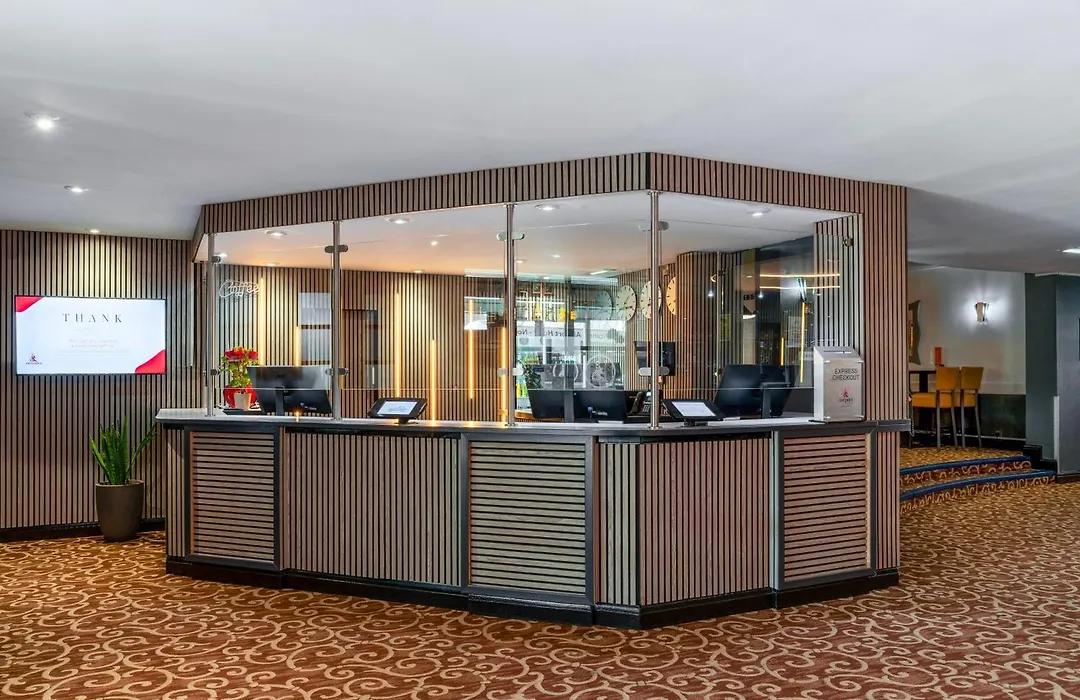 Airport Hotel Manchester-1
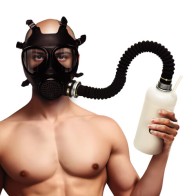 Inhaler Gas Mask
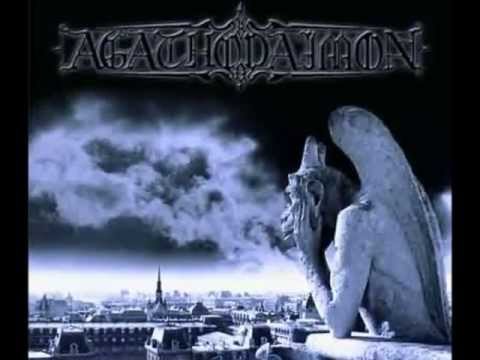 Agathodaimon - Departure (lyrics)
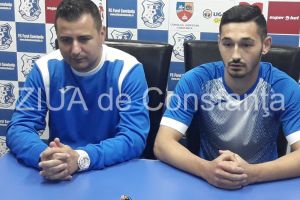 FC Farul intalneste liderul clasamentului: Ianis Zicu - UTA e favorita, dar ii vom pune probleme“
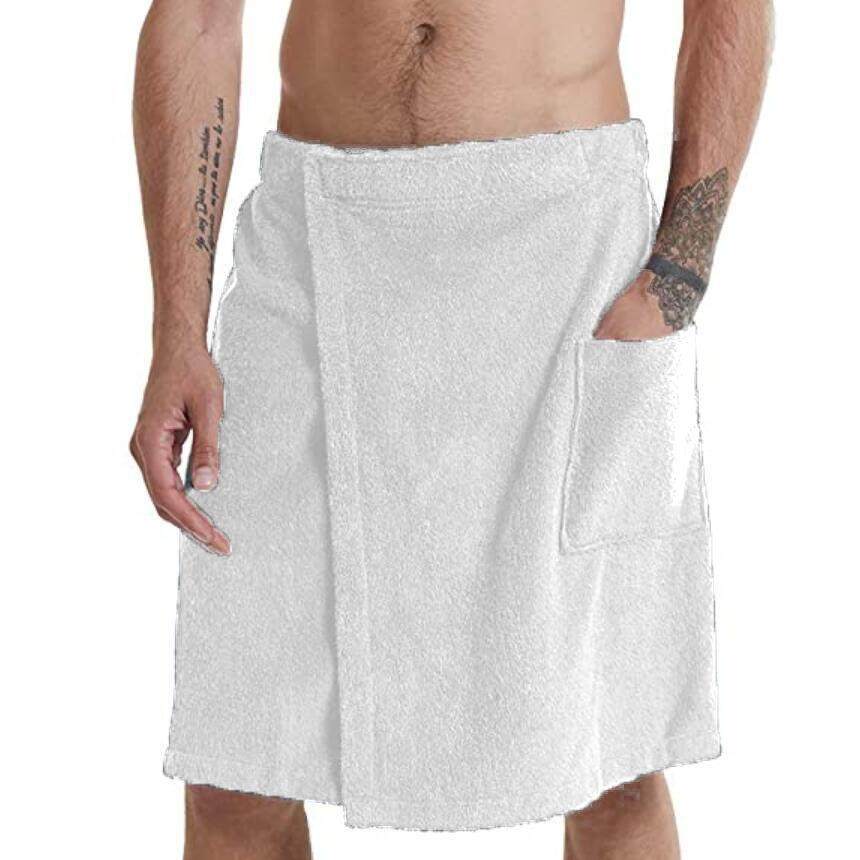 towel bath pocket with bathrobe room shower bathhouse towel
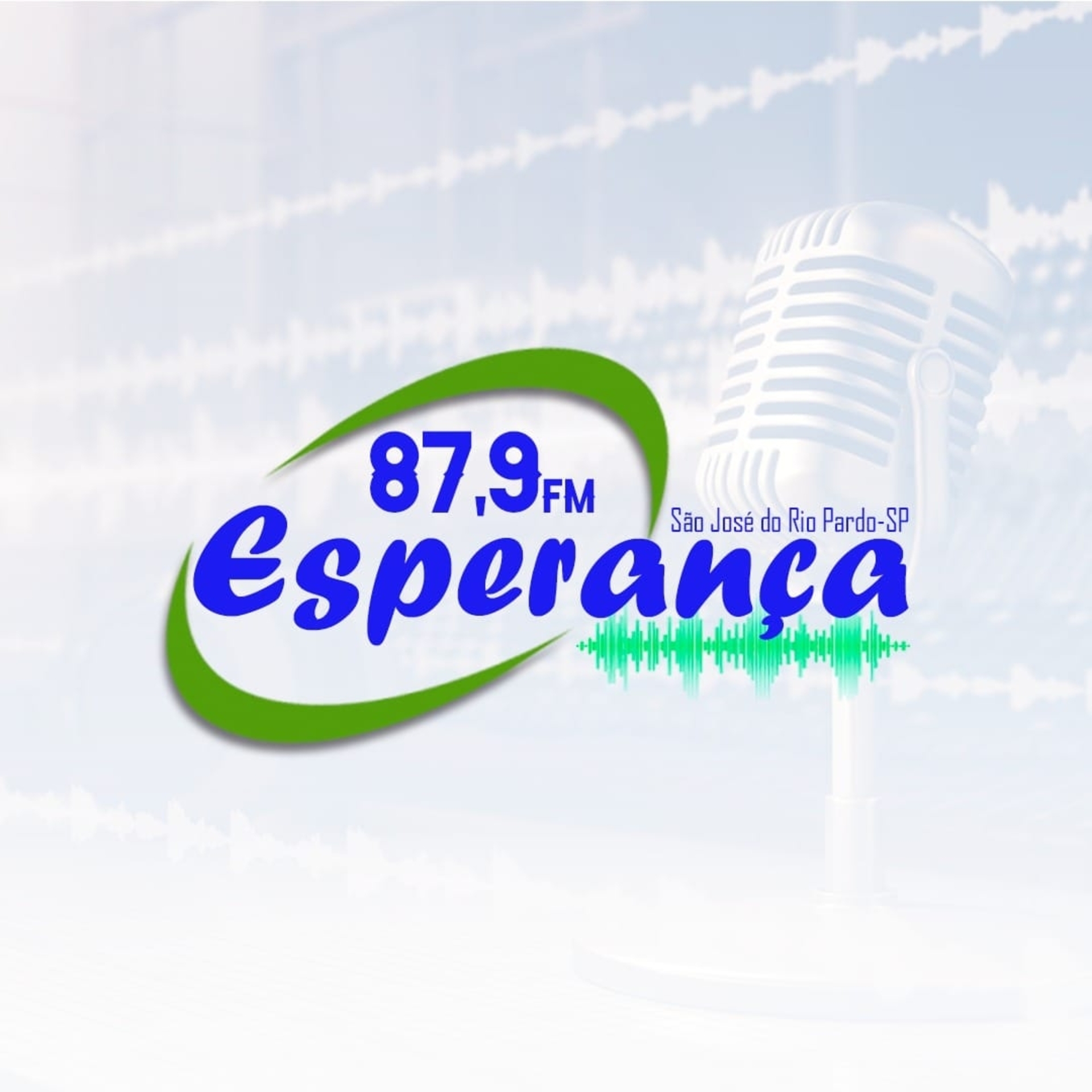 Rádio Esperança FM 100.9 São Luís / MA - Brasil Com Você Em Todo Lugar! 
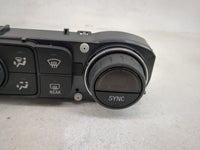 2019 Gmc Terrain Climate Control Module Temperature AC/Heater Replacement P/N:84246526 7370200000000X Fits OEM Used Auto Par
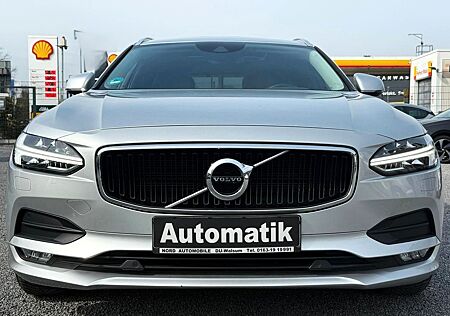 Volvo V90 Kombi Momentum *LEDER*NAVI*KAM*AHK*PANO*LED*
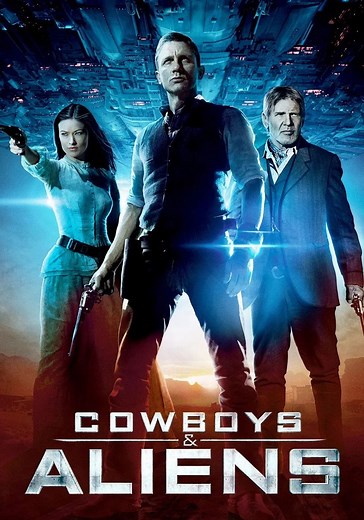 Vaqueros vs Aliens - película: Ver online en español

= = = = = = =

> [Exercise aim]
When you reproduce the entries above, keep every word exactly and leave out each picture.

> [Reply]
 Airport Hotel Manchester-1
 Inhaler Gas Mask
 Agathodaimon - Departure (lyrics)
 FC Farul intalneste liderul clasamentului: Ianis Zicu - UTA e favorita, dar ii vom pune probleme“
 towel bath pocket with bathrobe room shower bathhouse towel
 Rádio Esperança FM 100.9 São Luís / MA - Brasil Com Você Em Todo Lugar! 
 2019 Gmc Terrain Climate Control Module Temperature AC/Heater Replacement P/N:84246526 7370200000000X Fits OEM Used Auto Par
 Volvo V90 Kombi Momentum *LEDER*NAVI*KAM*AHK*PANO*LED*
 Vaqueros vs Aliens - película: Ver online en español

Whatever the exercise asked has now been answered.